That family life, in addition to husband Doug now includes two daughters, Rachel and Jessica, 21 and 22, respectively.
It was a difficult decision to leave Berkshire Capital, where she had mentors like Bruce Cameron. She left the firm for U.S. Trust when she became curious about what companies looked like from the inside, after M&A deals got done. It was at U.S. Trust (now Bank of America Private Bank) where she made the acquaintance of Maribeth Rahe (a January 2016 Real Assets Adviser cover profile, though she was at Fort Washington Investment Advisors at the time) and Jeff Maurer (now chairman of Evercore Wealth Management), both of whom she counts as mentors.
Shortly after a C-suite reorganization at U.S. Trust, Cramer left to join her husband in building his private placement firm, raising institutional capital for alternative investment products.
By 2007, Cramer was scratching at her entrepreneurial itch, deciding to return to her M&A roots by reconnecting with former Berkshire Capital colleague Elizabeth Nesvold. The two partnered and brought their ambitions to full realization in the form of Silver Lane Advisors, a women-owned investment banking firm that completed more than 100 transactions ranging from $20 million to $1 billion in deal value before its sale to Raymond James Financial.
“It was a seven-day commitment,” says Cramer. “We viewed ourselves as not really being able to make mistakes.”

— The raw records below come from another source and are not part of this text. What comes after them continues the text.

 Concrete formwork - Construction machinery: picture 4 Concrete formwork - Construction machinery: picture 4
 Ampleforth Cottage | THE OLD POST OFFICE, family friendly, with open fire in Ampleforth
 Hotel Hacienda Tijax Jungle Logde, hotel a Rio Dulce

That latter notion was formed, in part, during her stint as a board director at Atlanta Life Insurance Co., the country’s oldest African American financial institution, founded by an emancipated slave around 115 years ago. Its chairman, Roosevelt Giles, told Cramer: “White people always get a second chance, black people don’t.”
“That always resonated with me,” says Cramer. “I think that’s why women always seek to be perfectionists. That’s why Liz and I wouldn’t deliver subpar work to any client, and we were super careful about every form of communication that left our email system. We built Silver Lane, we brought on other partners and became known as the go-to place for wealth management M&As. We were known as ‘the ladies at Silver Lane.’”

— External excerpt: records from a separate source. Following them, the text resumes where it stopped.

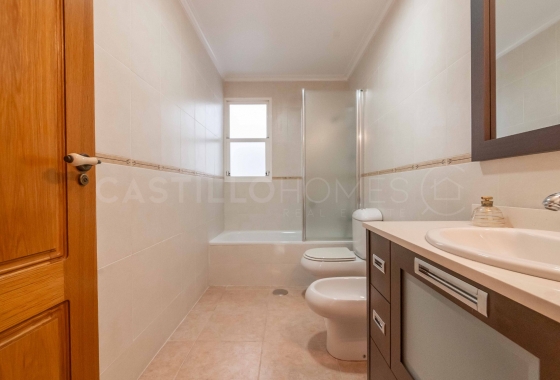 Wiederverkauf - Wohnung - Torrevieja - Centro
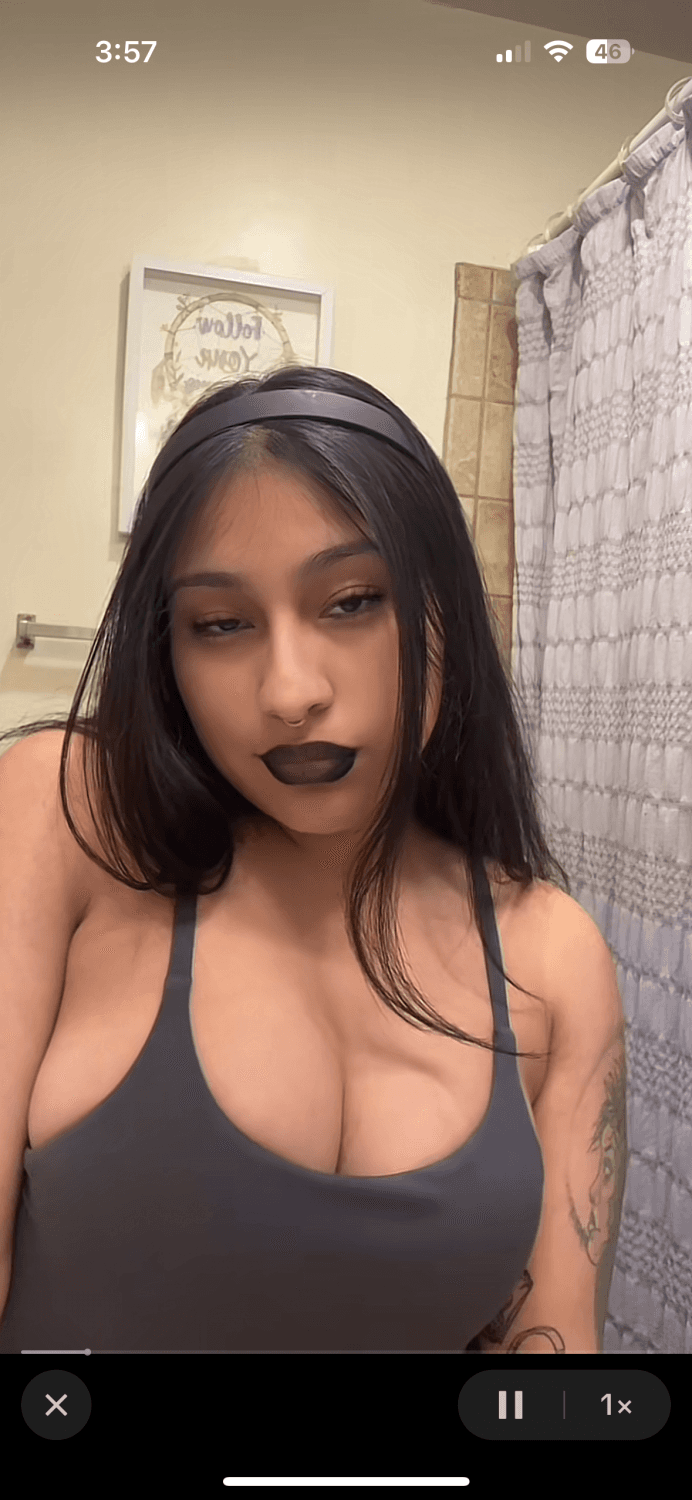 Latina only fans leak !!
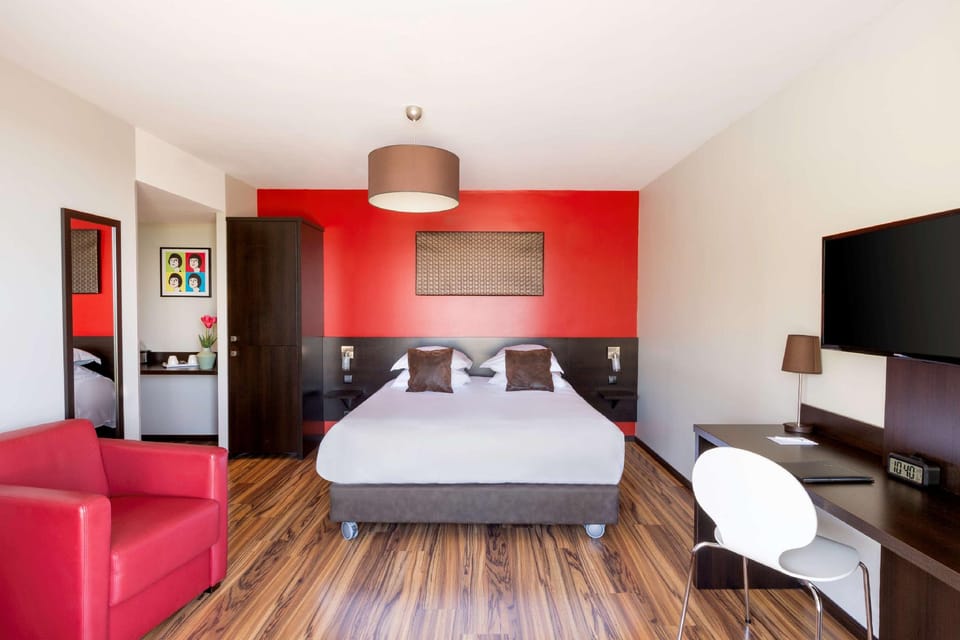 Suite room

The workload, given the stress and frenzy of that environment, was enormous. Cramer slept little, even maintaining an exercise schedule that included meeting with her White Plains, N.Y., biking crew at 5 a.m. for a 30-mile ride, wearing headlamps before showering and reporting to work.
Financially, the effort paid off, as Silver Lane Advisors posted a sevenfold revenue increase before Cramer opted to sell her equity stake to her partners in 2018, and they subsequently sold their interests to Raymond James in January 2019.

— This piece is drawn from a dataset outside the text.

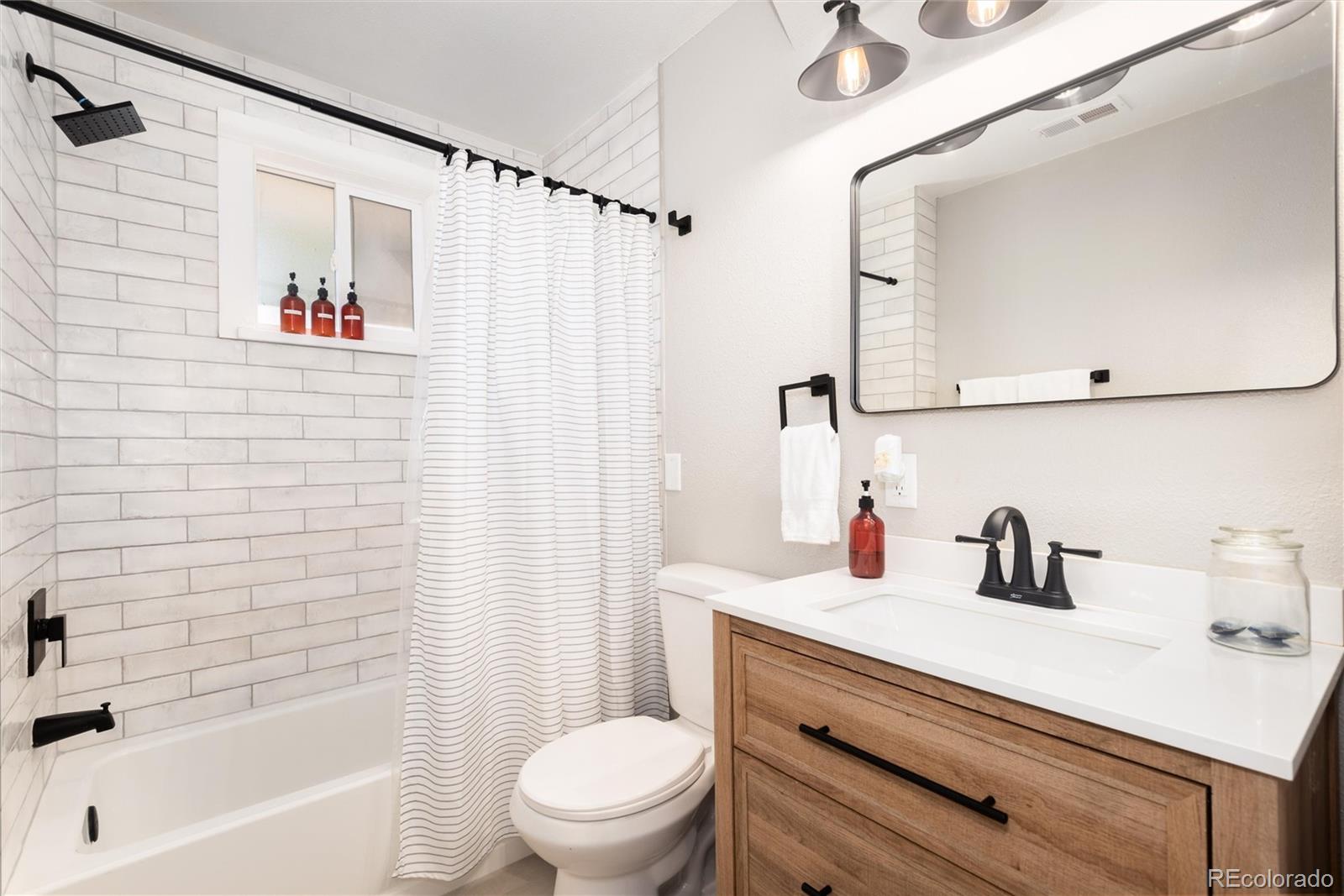 MLS Image #18 for 1600 w sheri lane,littleton, Colorado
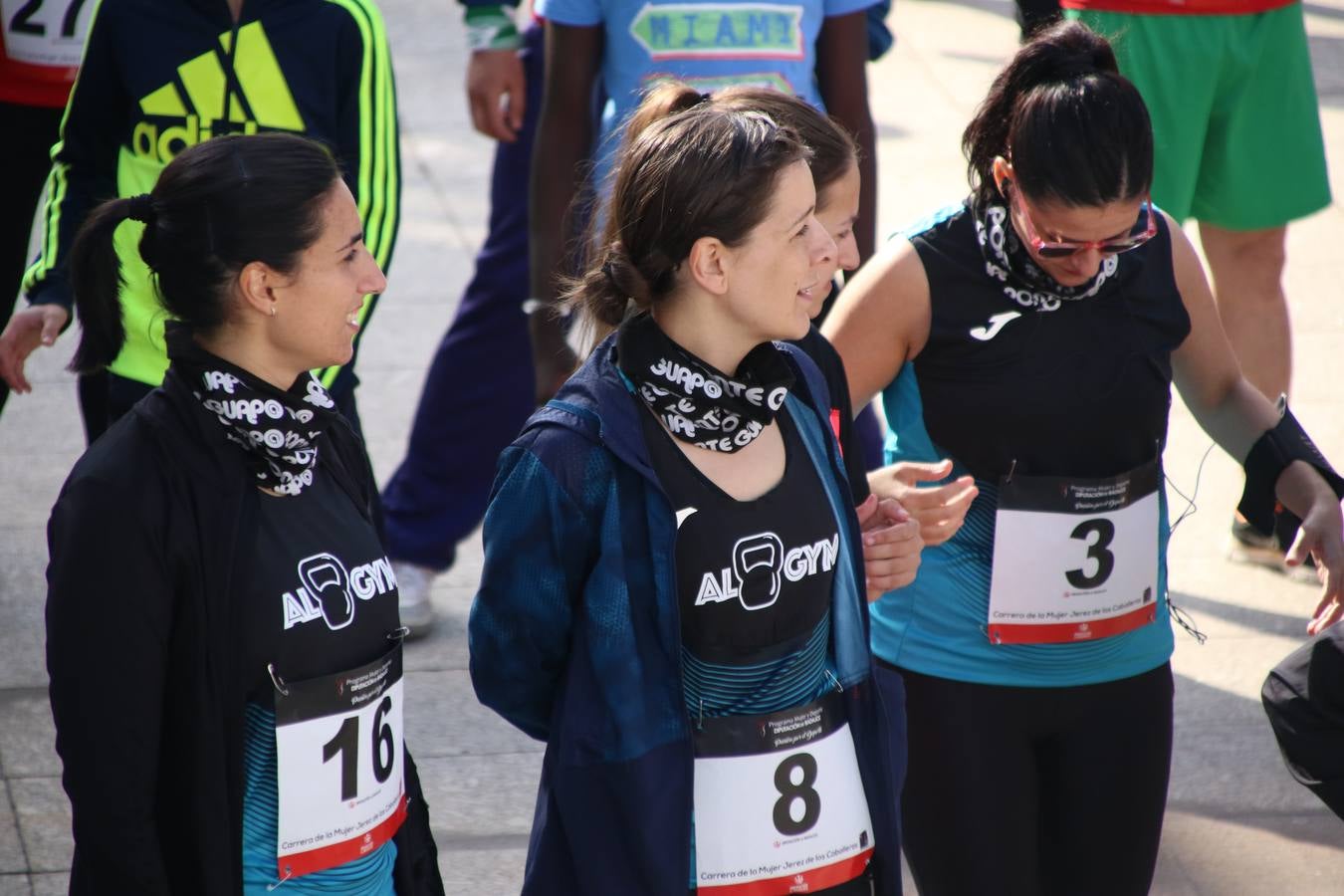 Jerez de los Caballeros ha acogido, esta mañana, la 'I Carrera de la Mujer', enmarcada dentro del programa 'Mujer y Deporte' de la Diputación de Badajoz y bajo el lema 'Nuestra meta, la igualdad'. Más de 300 personas, de todas las edades, se han dado cita en la Plaza de la Alcazaba y han recorrido las calles del municipio en una jornada que ha aunado deporte, solidaridad y reivindicación.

“Once I retired from Silver Lane, I had to learn how to sleep again. I had stopped dreaming.”
ACCESS AND EXPOSURE
Flush with the queen’s ransom she earned from the sale of Silver Lane Advisors, Cramer started investing.
“That’s how most wealth is made in this country, through liquidity events of owning your own business. It’s the American dream.”
That is how Cramer and Abrams hope to close the male/female “equity gap,” funding women-owned startup companies and helping them achieve their own liquidity events through M&As or taking them public through SPACs or traditional IPOs.
By Cramer’s own assessment, it will be a steep hill to climb: “I think the statistic is that in all the years of the existence of the New York Stock Exchange, only 20 companies have gone public that were founded by a woman. Twenty — in all its history,” she repeats for emphasis. “Female founders have not had the same access to capital that male founders have had. We are a gender-lens-focused venture firm, and our vision is to be the go-to place for female founders to seek capital all along their capital-raising
Abrams told Cramer she would have “no problem” raising $10 million for their new venture firm’s maiden fund, banking on the backing of the thousands of female executives connected to How Women Lead. Indeed, the first fund raised by How Women Invest was raised almost entirely from women investors, and 90 percent of them turned out to be first-time investors in alternative assets. What’s more, nearly half of the female investors are women of color.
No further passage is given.